🤖 AI Summary
Sentence embeddings lack interpretability due to implicit mixing of semantic and syntactic information through deep neural transformations and pooling operations, obscuring feature provenance. To address this, we propose the first mechanistic decomposition framework: leveraging dictionary learning to model token-level representations interpretably and inverting the pooling process to reveal how semantic and syntactic features are explicitly and separately encoded within linear subspaces. Experiments demonstrate that diverse linguistic attributes—including topic, tense, and dependency relations—are linearly separable in these subspaces, and yield human-interpretable embedding components. Our approach bridges token- and sentence-level interpretability, significantly enhancing transparency, controllability, and analytical granularity of sentence representations. It establishes a novel paradigm for probing embedding mechanisms, enabling fine-grained, attribution-aware analysis of sentence encoders across languages.
📝 Abstract
Sentence embeddings are central to modern NLP and AI systems, yet little is known about their internal structure. While we can compare these embeddings using measures such as cosine similarity, the contributing features are not human-interpretable, and the content of an embedding seems untraceable, as it is masked by complex neural transformations and a final pooling operation that combines individual token embeddings.

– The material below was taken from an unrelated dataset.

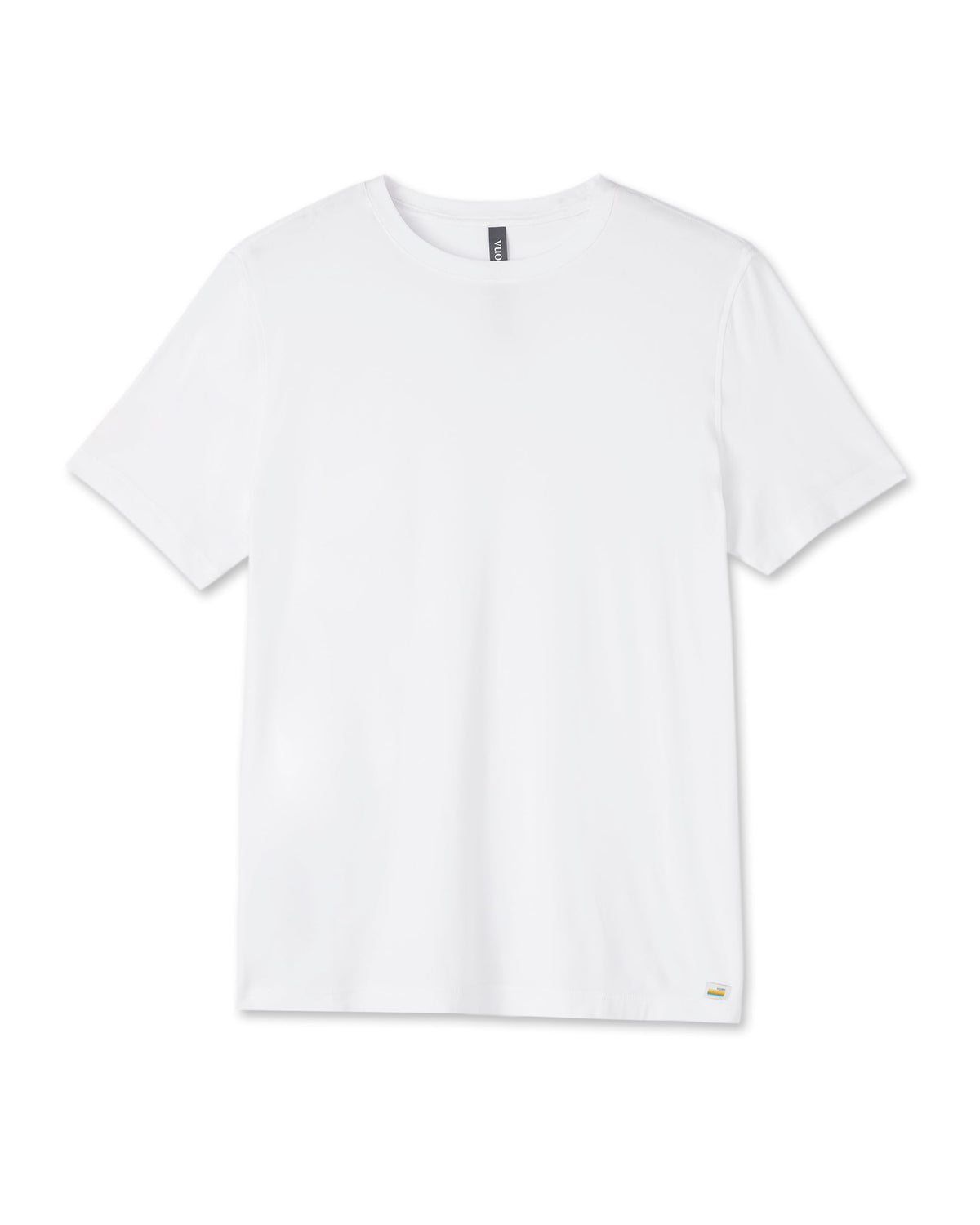 Strato Tech Tee Men's White Tech Shirt | Vuori outlet - US 3862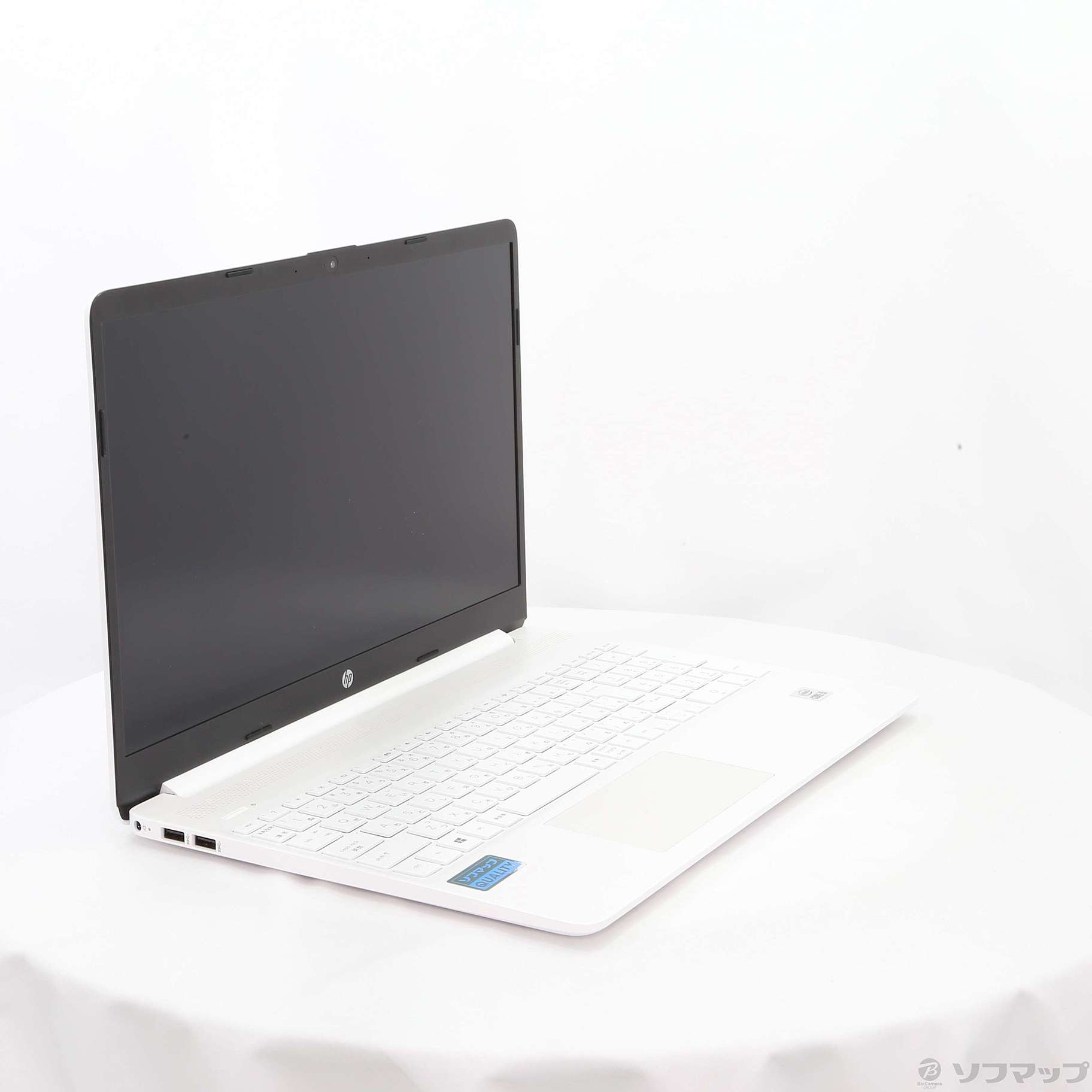 中古】HP 15s-fq1066TU-OHB 2Z190PA-AAAB ピュアホワイト 〔Windows 10〕 [2133032121936] -  リコレ！|ビックカメラグループ ソフマップの中古通販サイト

To alleviate this issue, we propose a new method to mechanistically decompose sentence embeddings into interpretable components, by using dictionary learning on token-level representations. We analyze how pooling compresses these features into sentence representations, and assess the latent features that reside in a sentence embedding. This bridges token-level mechanistic interpretability with sentence-level analysis, making for more transparent and controllable representations. In our studies, we obtain several interesting insights into the inner workings of sentence embedding spaces, for instance, that many semantic and syntactic aspects are linearly encoded in the embeddings.